EXERCISE: From the entries below, please output exactly the lines starting at the one containing "Silk Mocha Blouse" and ending at the one containing "ミディアム カラー パーマ 透明感カラー XES-TA所属・中村 よしひでのヘアスタイル", both included.

DATA FOR PROCESSING:

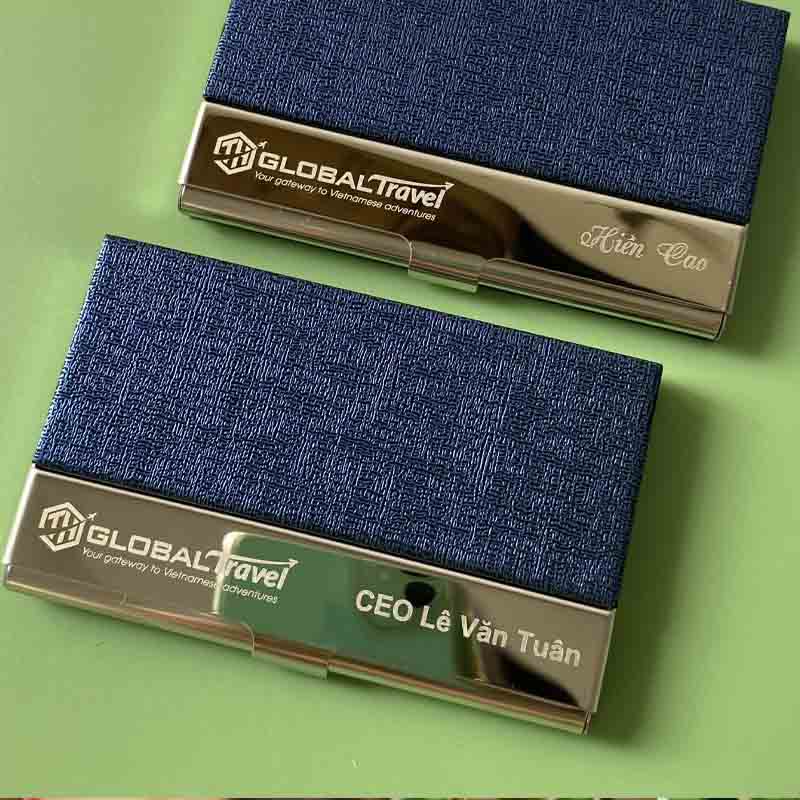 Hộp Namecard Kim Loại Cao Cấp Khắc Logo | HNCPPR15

---

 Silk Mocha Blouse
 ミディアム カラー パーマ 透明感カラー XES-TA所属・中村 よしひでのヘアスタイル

==

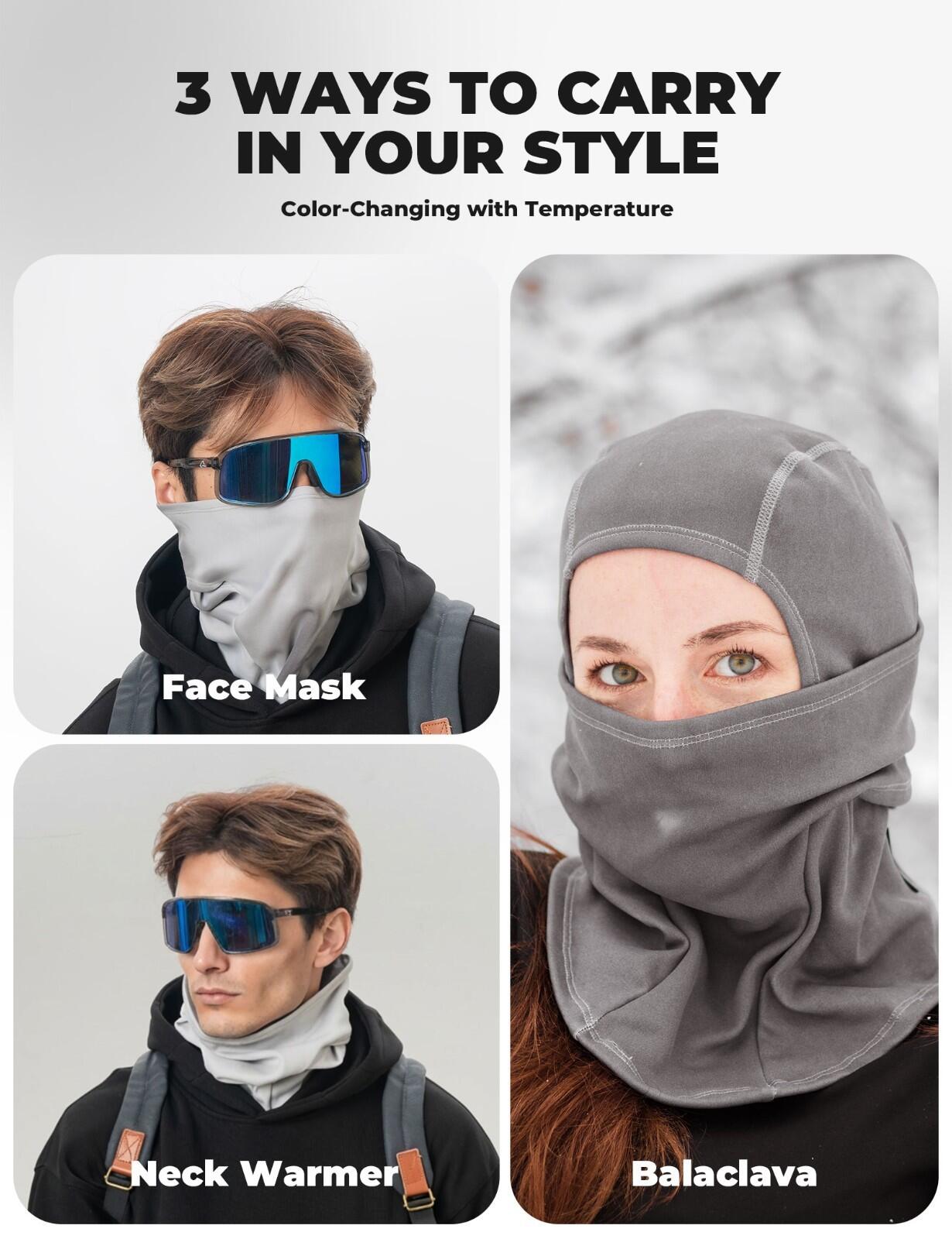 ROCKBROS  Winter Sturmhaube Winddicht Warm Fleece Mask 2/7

FINAL ANSWER:
 Silk Mocha Blouse
 ミディアム カラー パーマ 透明感カラー XES-TA所属・中村 よしひでのヘアスタイル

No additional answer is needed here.